Emerging technologies provide remarkable capacity to generate insights into controls upon variability in geomorphic river form, in space and time. Accurate delineation of valley bottom margins (VBMs) and measurements of valley confinement are critical parts of this process. The Valley Bottom Extraction Tool (VBET) is more accurate than other recent GIS-based tools that apply simplistic catchment-scale assumptions and more comprehensive than those that are limited to reach-scale applications (Gilbert et al., 2016). Building on VBET, the Confinement Tool (CT) takes into consideration the channel position on the valley floor and quantifies its degree of confinement, and thus its ability to laterally adjust (O’Brien et al., 2019). This study assesses the performance of these tools in determining the variability of valley confinement in the diverse landscape settings of the Waipā River, a major tributary of the Waikato River on the North Island of Aotearoa New Zealand. Informed by nationally available datasets, CT outputs were compared to manually extracted measures of confinement, to examine how topographic signatures of differing landscape settings influence the effectiveness of these emerging technologies as tools to inform applications in river science and management.

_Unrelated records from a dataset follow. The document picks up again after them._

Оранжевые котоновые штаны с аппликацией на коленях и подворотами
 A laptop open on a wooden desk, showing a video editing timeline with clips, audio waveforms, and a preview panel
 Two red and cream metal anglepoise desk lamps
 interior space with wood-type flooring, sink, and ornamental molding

Despite a history of volcanic activity (at Mount Pirongia and atop the volcanic plateau), limestone terrains, and various dry or underfit streams incised into former fan and swamp deposits associated with the shifting alignment of the Waikato River post-Taupō eruption demanding unique tool inputs and variables for individual Waipā sub-catchments, the final outputs were consistent across spatial scales. However, with the overall average accuracy of the automated outputs falling below 30%, the quality and resolution of the underpinning data impede the tool’s ability to produce reliable results. This limits the tool’s usefulness to generalistic, broad-scale appraisals of landscape controls on river form and processes. Expert geomorphic insight is required to avoid misinterpretation of findings. The study highlights the limitations of New Zealand’s national datasets to conduct such analyses. Unless this database is updated, it will not be possible to meet the full potential of emerging technologies, negating their capacity to inform systematic management strategies across a range of scales.